*The input*:
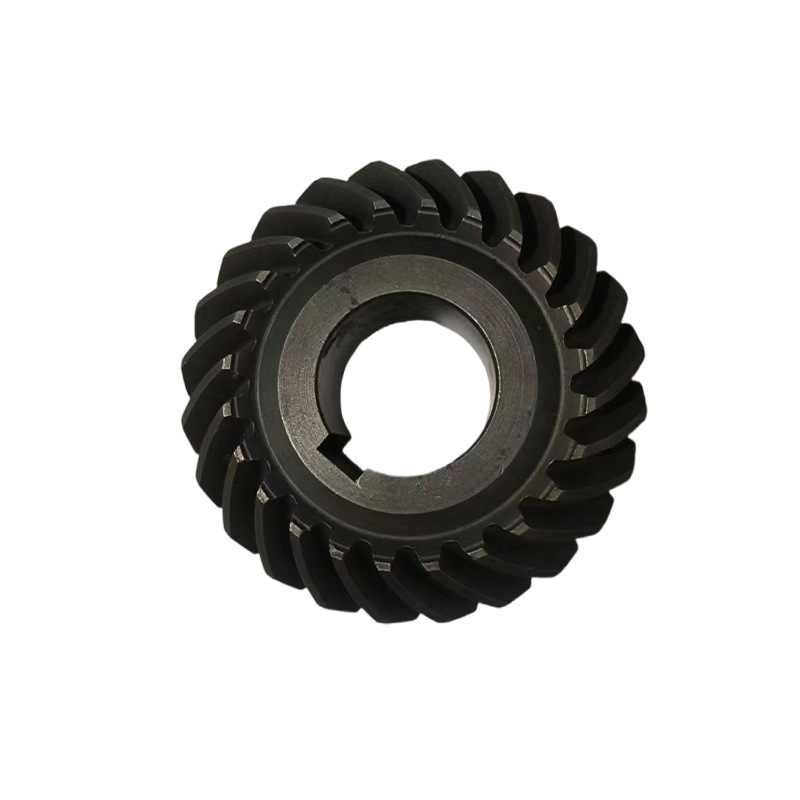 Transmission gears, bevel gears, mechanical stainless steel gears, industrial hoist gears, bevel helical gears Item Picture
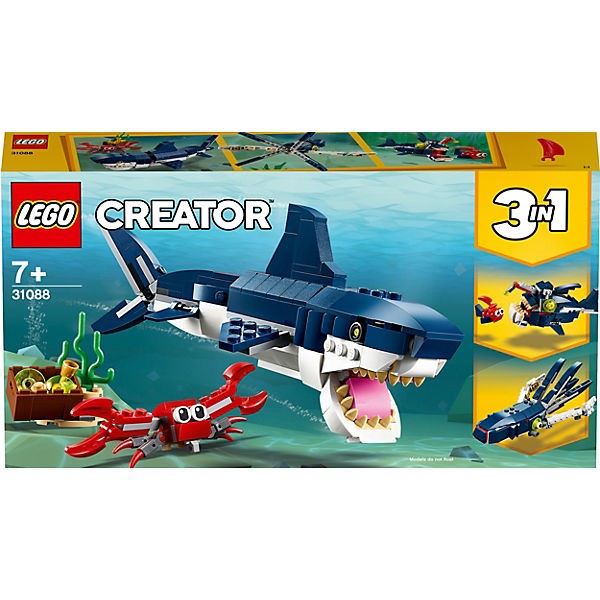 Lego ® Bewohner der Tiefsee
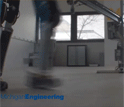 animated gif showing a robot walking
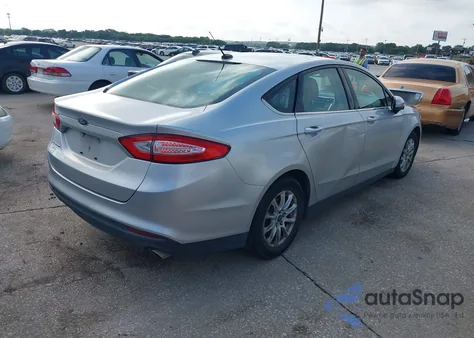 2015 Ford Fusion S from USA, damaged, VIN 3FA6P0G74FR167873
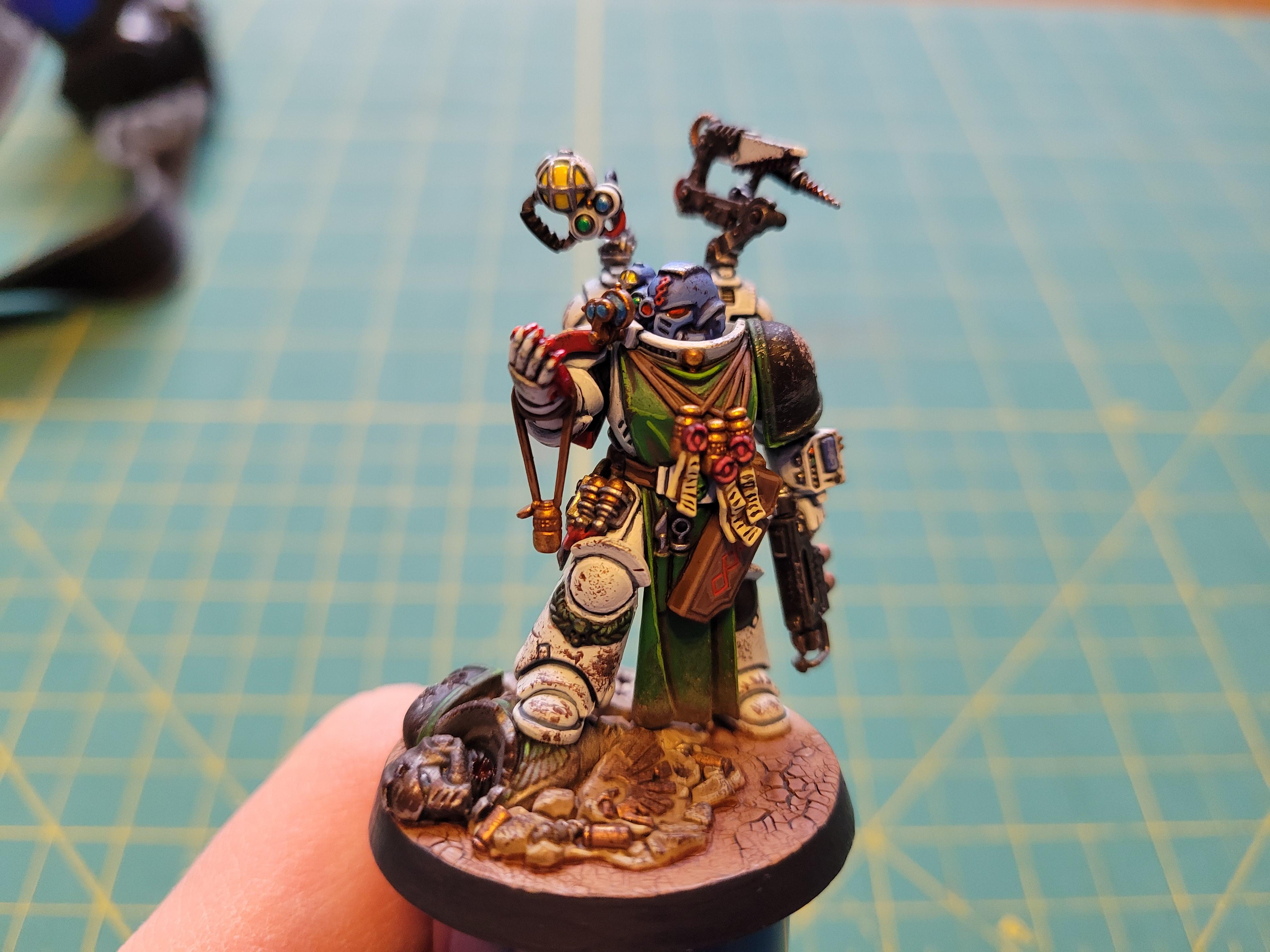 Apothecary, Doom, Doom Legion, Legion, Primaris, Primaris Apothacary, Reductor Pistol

*Brief*:
Extract, word for word, each line from the one that contains "Lego ® Bewohner der Tiefsee" through the final line of the data above. Leave the pictures out.

*Problem solution*:
 Lego ® Bewohner der Tiefsee
 animated gif showing a robot walking
 2015 Ford Fusion S from USA, damaged, VIN 3FA6P0G74FR167873
 Apothecary, Doom, Doom Legion, Legion, Primaris, Primaris Apothacary, Reductor Pistol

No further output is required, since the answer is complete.